I appologize if the title does not make sense. I am trying to do something that is probably simple, but I have not been able to figure it out, and I'm not sure how to search for the answer. I have the following MDX query:
SELECT
event_count ON 0,
TOPCOUNT(name.children, 10, event_count) ON 1
FROM
events
which returns something like this:
| | event_count |
+---------------+-------------+
| P Davis | 123 |
| J Davis | 123 |
| A Brown | 120 |
| K Thompson | 119 |
| R White | 119 |
| M Wilson | 118 |
| D Harris | 118 |
| R Thompson | 116 |
| Z Williams | 115 |
| X Smith | 114 |
I need to include an additional column (gender). Gender is not a metric. It's just another dimension on the data. For instance, consider this query:
SELECT
gender.children ON 0,
TOPCOUNT(name.children, 10, event_count) ON 1
FROM
events
But this is not what I want! :(
| | female | male | unknown |
+--------------+--------+------+---------+
| P Davis | | | 123 |
| J Davis | | 123 | |
| A Brown | | 120 | |
| K Thompson | | 119 | |
| R White | 119 | | |
| M Wilson | | | 118 |
| D Harris | | | 118 |
| R Thompson | | | 116 |
| Z Williams | | | 115 |
| X Smith | | | 114 |
Nice try, but I just want three columns: name, event_count, and gender. How hard can it be?

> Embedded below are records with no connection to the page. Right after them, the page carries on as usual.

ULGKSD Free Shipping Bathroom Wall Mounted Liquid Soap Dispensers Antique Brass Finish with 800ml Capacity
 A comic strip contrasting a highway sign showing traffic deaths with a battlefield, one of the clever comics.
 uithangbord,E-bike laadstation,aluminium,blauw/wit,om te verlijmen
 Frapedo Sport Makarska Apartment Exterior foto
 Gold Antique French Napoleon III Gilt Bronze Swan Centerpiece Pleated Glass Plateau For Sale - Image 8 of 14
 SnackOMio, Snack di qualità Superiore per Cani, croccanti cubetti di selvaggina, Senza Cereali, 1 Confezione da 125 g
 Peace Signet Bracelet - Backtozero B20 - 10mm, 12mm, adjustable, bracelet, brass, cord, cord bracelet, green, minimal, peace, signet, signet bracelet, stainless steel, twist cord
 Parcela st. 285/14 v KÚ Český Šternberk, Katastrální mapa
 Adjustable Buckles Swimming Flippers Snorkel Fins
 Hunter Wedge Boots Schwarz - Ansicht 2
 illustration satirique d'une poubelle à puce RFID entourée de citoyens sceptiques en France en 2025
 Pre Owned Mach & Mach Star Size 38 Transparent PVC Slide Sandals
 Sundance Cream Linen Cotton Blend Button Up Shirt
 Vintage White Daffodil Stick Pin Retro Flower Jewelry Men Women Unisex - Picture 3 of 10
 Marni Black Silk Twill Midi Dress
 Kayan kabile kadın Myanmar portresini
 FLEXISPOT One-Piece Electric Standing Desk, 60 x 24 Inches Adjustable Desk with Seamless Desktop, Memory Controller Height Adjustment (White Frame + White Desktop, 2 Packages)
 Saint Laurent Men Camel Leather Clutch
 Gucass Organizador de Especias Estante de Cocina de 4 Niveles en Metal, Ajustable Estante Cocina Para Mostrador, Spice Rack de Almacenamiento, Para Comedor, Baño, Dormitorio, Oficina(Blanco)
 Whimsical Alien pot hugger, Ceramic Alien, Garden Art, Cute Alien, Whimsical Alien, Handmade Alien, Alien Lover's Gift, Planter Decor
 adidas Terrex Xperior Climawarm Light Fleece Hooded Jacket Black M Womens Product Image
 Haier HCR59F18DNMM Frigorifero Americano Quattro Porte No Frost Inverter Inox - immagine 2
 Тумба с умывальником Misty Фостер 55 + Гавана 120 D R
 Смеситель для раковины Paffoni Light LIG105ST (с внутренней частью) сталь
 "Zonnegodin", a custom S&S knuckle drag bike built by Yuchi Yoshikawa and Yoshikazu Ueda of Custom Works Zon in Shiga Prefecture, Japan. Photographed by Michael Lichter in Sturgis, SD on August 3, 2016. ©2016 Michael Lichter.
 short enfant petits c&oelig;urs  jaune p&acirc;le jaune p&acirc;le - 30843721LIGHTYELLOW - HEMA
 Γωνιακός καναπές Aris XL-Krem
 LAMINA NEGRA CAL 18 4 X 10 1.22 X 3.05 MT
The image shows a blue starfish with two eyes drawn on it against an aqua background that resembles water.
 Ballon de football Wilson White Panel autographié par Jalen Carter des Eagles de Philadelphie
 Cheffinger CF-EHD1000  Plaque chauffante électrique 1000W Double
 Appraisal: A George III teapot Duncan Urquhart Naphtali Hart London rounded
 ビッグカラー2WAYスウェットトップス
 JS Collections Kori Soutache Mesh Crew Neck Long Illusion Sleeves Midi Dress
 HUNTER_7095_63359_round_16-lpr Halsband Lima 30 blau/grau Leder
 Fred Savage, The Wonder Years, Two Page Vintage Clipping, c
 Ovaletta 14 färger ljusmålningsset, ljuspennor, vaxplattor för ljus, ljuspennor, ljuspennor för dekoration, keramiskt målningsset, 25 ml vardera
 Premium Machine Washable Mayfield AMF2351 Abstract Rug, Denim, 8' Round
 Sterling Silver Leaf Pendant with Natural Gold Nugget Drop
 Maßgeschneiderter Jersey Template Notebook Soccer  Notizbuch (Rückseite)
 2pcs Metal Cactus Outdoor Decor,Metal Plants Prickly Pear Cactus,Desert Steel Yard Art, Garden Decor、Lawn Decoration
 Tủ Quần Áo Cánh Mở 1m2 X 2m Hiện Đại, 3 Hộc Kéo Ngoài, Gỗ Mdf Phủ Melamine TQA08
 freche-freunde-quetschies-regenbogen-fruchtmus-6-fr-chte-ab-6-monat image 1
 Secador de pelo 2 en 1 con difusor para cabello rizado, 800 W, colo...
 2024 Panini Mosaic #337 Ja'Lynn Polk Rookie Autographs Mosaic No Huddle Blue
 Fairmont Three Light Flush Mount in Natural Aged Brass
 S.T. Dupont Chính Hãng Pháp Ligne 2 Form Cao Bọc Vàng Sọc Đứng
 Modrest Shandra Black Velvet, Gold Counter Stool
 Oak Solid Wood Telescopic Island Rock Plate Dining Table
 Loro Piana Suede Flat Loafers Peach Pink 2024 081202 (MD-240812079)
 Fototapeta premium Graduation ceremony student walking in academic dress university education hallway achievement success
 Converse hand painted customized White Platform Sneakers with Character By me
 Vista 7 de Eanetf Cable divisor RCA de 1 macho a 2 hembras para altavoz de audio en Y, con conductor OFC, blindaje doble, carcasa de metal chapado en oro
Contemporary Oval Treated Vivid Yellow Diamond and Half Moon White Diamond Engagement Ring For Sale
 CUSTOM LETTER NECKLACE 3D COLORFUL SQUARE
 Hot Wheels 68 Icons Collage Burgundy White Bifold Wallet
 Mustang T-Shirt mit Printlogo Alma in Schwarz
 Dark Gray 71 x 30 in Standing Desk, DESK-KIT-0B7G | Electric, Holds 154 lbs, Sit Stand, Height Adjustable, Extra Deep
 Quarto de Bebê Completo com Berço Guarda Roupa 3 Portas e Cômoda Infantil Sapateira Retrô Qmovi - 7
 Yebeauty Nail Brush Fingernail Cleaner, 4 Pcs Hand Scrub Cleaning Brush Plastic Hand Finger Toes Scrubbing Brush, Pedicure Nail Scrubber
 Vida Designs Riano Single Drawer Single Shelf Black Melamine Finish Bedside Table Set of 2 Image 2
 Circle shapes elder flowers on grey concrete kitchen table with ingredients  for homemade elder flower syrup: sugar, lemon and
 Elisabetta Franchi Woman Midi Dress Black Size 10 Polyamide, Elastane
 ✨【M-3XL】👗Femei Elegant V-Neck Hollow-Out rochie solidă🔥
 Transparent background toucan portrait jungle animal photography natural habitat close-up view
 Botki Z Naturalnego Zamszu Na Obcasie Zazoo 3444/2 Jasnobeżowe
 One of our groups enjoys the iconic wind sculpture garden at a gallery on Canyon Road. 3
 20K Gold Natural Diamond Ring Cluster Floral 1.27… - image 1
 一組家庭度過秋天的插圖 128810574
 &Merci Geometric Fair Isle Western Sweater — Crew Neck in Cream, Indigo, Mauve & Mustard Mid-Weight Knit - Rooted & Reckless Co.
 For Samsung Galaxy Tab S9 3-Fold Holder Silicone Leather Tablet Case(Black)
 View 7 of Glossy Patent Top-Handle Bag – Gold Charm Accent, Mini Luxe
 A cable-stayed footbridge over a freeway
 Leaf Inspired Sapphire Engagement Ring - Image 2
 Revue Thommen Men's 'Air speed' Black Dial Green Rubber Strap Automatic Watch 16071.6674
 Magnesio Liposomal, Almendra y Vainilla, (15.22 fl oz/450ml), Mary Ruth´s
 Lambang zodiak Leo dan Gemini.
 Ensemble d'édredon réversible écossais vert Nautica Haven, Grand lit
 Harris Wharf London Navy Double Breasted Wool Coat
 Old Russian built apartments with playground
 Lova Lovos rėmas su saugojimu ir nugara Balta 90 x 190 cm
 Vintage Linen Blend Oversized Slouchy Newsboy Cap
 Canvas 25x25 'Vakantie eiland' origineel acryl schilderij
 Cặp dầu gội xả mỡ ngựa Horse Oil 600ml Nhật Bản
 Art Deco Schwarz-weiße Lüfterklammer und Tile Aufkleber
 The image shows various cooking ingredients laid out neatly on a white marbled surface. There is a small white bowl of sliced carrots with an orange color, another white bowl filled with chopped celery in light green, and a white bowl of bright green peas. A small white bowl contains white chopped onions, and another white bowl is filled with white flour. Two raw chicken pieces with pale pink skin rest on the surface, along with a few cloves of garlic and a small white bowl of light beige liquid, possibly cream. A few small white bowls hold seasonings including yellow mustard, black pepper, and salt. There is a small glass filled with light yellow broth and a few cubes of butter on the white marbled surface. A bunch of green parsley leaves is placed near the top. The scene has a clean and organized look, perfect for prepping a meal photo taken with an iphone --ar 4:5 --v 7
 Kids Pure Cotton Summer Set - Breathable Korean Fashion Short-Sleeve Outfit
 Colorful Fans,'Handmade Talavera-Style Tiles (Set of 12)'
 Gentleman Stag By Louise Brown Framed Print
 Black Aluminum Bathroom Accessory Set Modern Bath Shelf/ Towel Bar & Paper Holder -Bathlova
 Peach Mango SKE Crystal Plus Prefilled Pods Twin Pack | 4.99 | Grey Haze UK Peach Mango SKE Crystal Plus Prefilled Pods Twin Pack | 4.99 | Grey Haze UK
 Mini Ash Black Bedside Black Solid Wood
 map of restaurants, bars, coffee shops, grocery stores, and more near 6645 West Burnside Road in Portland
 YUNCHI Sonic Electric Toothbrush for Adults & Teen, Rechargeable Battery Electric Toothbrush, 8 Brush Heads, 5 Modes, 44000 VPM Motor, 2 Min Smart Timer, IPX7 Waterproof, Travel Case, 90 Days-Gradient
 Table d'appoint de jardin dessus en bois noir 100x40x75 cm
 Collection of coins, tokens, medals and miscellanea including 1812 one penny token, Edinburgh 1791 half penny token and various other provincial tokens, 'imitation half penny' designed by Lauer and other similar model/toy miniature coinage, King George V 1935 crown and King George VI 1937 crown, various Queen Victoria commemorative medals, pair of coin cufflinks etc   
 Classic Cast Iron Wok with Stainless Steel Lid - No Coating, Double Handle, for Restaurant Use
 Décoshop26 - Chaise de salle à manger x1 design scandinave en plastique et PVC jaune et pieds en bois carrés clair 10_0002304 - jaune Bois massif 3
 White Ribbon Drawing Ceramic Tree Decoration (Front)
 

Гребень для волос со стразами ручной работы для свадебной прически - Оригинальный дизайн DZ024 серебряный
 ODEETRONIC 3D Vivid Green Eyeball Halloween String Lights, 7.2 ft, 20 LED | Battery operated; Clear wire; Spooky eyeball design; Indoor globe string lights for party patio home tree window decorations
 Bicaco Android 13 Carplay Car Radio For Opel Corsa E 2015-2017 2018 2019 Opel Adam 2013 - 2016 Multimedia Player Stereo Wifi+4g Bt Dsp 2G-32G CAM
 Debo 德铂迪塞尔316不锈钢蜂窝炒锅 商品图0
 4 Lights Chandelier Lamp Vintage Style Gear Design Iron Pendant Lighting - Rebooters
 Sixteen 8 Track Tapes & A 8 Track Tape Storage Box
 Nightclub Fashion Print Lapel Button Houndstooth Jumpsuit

Obviously this reflects lack of understanding about MDX on my part. Any pointers to quality introductory material would be appreciated.
It's important to understand that in MDX you are building sets of members on each axis, and not specifying column names like a tabular rowset. You are describing a 2-dimensional grid of results, not a linear rowset. If you imagine each dimension as a table, the member set is the set of unique values from a single column in that table.
When you choose a Measure as the member (as in your first example), it looks as if you're selecting from a table, so it's easy to misunderstand. When you choose a Dimension, you get many members, and a cross-join between the rows and columns (which is sparse in this case because the names and genders are 1-to-1).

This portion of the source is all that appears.